Муравейник (продолжая метафору В. В. Бибихина) благодаря непрерывно протекающим в нем процессам движения «биологического вещества» являет собой образ самобытного и самодостаточного мира, но благодаря рациональной обозреваемости этого мира он превращается в образ идеального укрытия, в образцовый лабиринт, а позже – в прототип полноценного дома. С переходом же к оседлому образу жизни и изобретением дома лабиринт остается в сознании человека как образ – идея Мира-дома, превращается в ритуальный объект. Размышляя над аналогичной проблемой, Демокрит заметил: «Мы научились от паука ткачеству и штопке, от ласточки – постройке домов, от певчих птиц – лебедя и соловья – пению…» (фр. 85). Но Демокрит оставил без внимания вопрос о том, почему возникает сама потребность видеть в окружающих человека субъектах аналоги человека, а в объектах собственность человека, едва ли не продолжение его тела.

В условиях непрерывной адаптации к внешнему миру тело занято усвоением множества поступающих извне сигналов и перераспределением потока бесконечно чередующихся чувственных ощущений. Их восприятие, усвоение и организация – функция сенсорного аппарата, сложнейшей системы перцепции, и способ существования живого тела как адаптивной системы, встраивающейся в живую среду, подлаживающейся к ее процессам.

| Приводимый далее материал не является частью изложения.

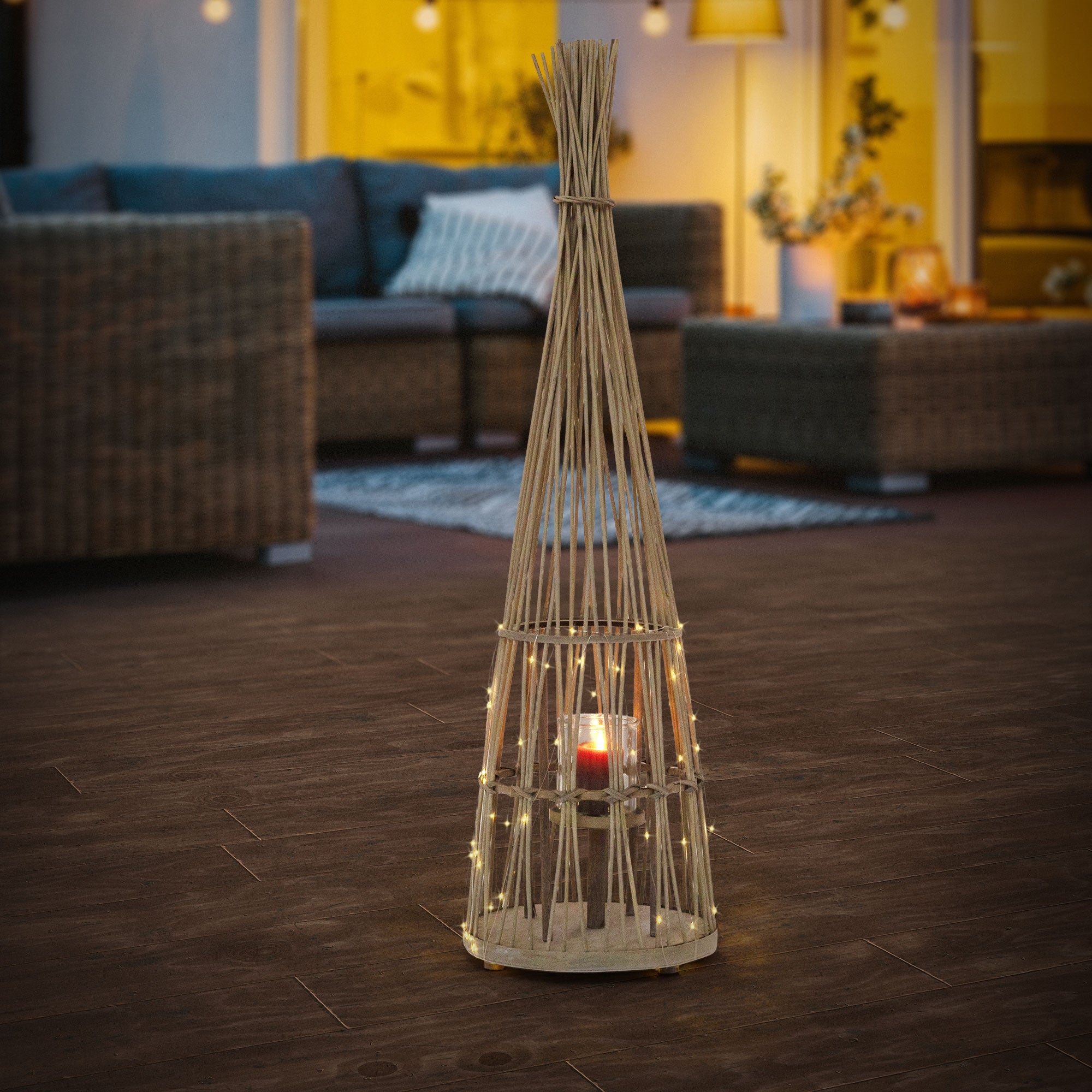 ECD Germany Garten lanterne bambou 110 cm LED verre tressée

Чтобы управлять собой, замечает Гегель, требуется отделенность. Чтобы быть собой – необходимо обладание собой как другим себя.10 Чтобы обладать собой, нужно обращение в себе. Мышление дарует бытие – общее для всех царство мировых законов и смыслов, понятий и условий. Обращение в себе дарует сознание. «В себе» означает обладание внутренним миром, бытие миром, который сознается как иное мира как такового. Картина мира, образ мира – это отделенность от мира, вырезанность (ср.: концепт гештальт в гештальт-психологии11). Способность быть вырезанным из мира, отделенным от него, выделенным из него, означает способность к объективации. Но такая выделенность и сам опыт объективации возможен исключительно в большом обществе, первый опыт такого общества дарует человеку жизнь в городе, выделенном из мира городской стеной. Но и крепостные стены не гарантируют абсолютной отделенности, человек продолжает оставаться в мире. Бытие миром суть естественное условие разумного существования.

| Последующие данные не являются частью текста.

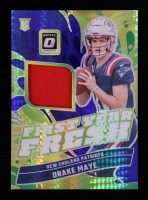 Drake Maye 2024 Donruss Optic First Year Fresh Jerseys Blue Hyper #12 RC at PristineAuction.com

Разум в своей экзистирующей ипостаси как будто не осознает собственных границ, но пытается воплотиться в ограниченных эволюцией формах телесного живого. Экзистирование движется волнами утверждений и отрицаний, откатов и возвращений, влечений и отвращений, полагая границы самого себя и распространяя собственные модели в смежных телах и обеъектах, прокладывая схемы собственного опыта на практики взаимодействия с телами и вещами. Мышлению необходимо тело как априорное условие себя, как орган настройки, чувственный органон, погруженный в обращение телесных форм, и исходная пространственно-временная система не точек и координат, а фокусов и координаций.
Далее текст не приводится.